First, we stand with our legs straight and we put our arms by side. We jump up and spread our feet more than hip-width apart while at the same time we are bringing our arms above the head, almost touching. Then we jump again, bringing our legs together at the starting point and we lower our arms. We continue this rhythmically.

Just adored this exercise as a kid! It went so spontaneously and easily because kids are full of energy, now if we perform it with less passion it’s not the end of the world but let’s keep it positive! Wake up a child who loved to jump and direct energy in the right way!

9. Running the stairs

Running the stairs is one of the best cardio exercises meaning it works with our heart, lungs, and circulatory system. It causes our breathing and heart rate to increase, so the blood filled with oxygen pumps faster and comes to the muscles so they can keep going. This is perfect exercise and one of the most effective workouts for the entire lower body. 

It includes lower body muscles, hamstrings, glutes, calves, and quadriceps. If you aim to get nicely toned and firm butt this exercise is excellent for you. This exercise can be done by running up or down the stairs. It’s ideal if we are overweight or if we have issues with our joints because it’s easy on our feet, knees, ankles, and hips.

10. Yoga

Yoga is a mental, spiritual and physical practice created in India. Yoga means union. It’s the union of the organ system in our body with the consciousness in the mind combined with the energy (spirit, soul). Body, mind, spirit united as one which leads to the state of calmness, the ultimate goal is achieving liberation. Yoga practice is combined with low-impact physical activity, postures called asanas in Yoga, breathing techniques called pranayama, relaxation, and meditation.  

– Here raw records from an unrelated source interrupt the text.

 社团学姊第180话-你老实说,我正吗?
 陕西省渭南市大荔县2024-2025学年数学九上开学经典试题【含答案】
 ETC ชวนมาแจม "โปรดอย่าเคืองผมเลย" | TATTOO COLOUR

Yoga is an art as well as a science. It’s art because it should be practiced carefully paying attention to every part of the body we are working with, breathing deeply or as described. It’s a science because it gives us methods for controlling our mind, and as we control our mind we control our life. 

There are many different types of yoga. One of my favorites is Kundalini yoga, Yoga of awareness. If you haven’t by now, be sure to explore all types of yoga, try those that appeal to you. The combination of physical and spiritual must be in unity and I truly believe that each of us can find our way in yoga! 

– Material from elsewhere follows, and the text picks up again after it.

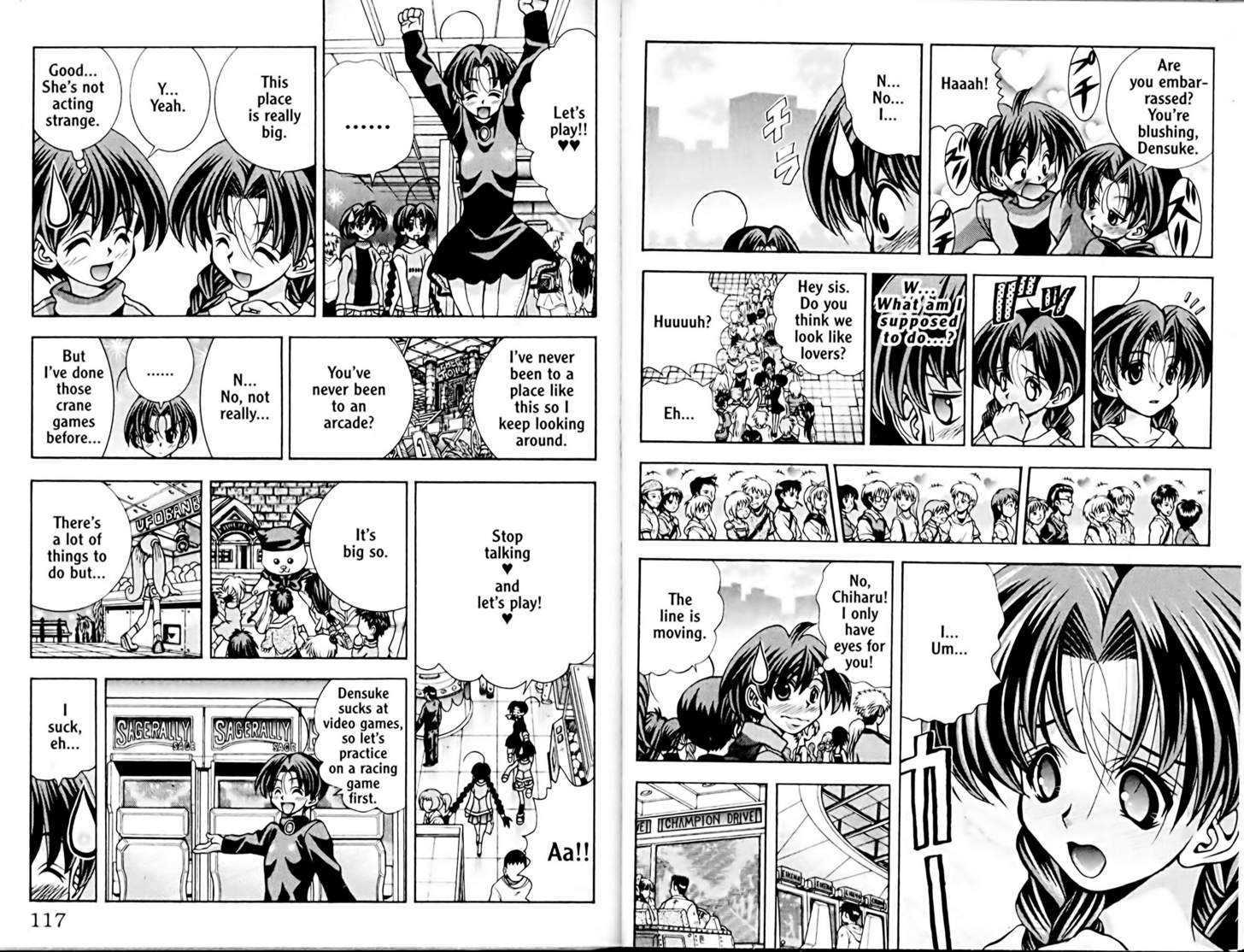 Eiken chapter 49 page 4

Can You Build Muscle Without Weights?

Our body is capable of many things, most often we are not even aware of how much power it has. We often underestimate it and give it extra props during training. Which, of course, is not a bad thing, but before we additionally load it with weights and other equipment, let’s see how much the body itself can achieve!

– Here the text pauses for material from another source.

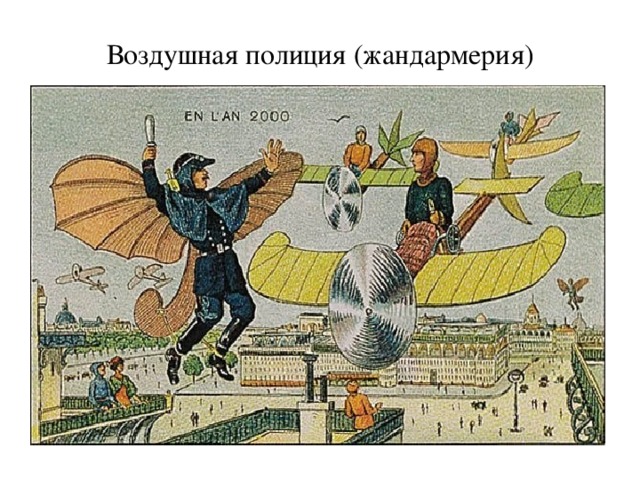 Воздушная полиция (жандармерия)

Under different loads and different exercises that we perform with ourselves, we can build an enviable body muscle mass. It all depends on the approach to training and the way our body is built. Let’s play with that process! 

Each body will build its weight in proportion to itself. Undoubtedly we can say that without weights and only with our body we can build muscle mass and lead the body to enviable results. If you want to highlight some parts, get to another stage, you should not run away from weights, but be sure to give your body a chance to show you what it can do on its own.

Summary

If you just go through these exercises that I shared with you today you will do a great thing for your body. If you do some of them you will do a great thing again! It doesn’t matter how much you did today, it’s important that you do the exercises tomorrow and do them over and over and over again! 

With these exercises without equipment and weights, you can achieve visible results, you may even be surprised by the effect that these exercises bring. Without much stress around performing, it’s just important to set aside a few minutes during the day and then dedicate yourself to your body. 

No excuse can distract you from the right path when taking care of your health. Whether you want to lose weight or you want to stay in good shape or just tighten up a bit. In any case, these ten exercises that you perform only with your own body are a great start! Something that will push you to be better in every segment of life, not just training!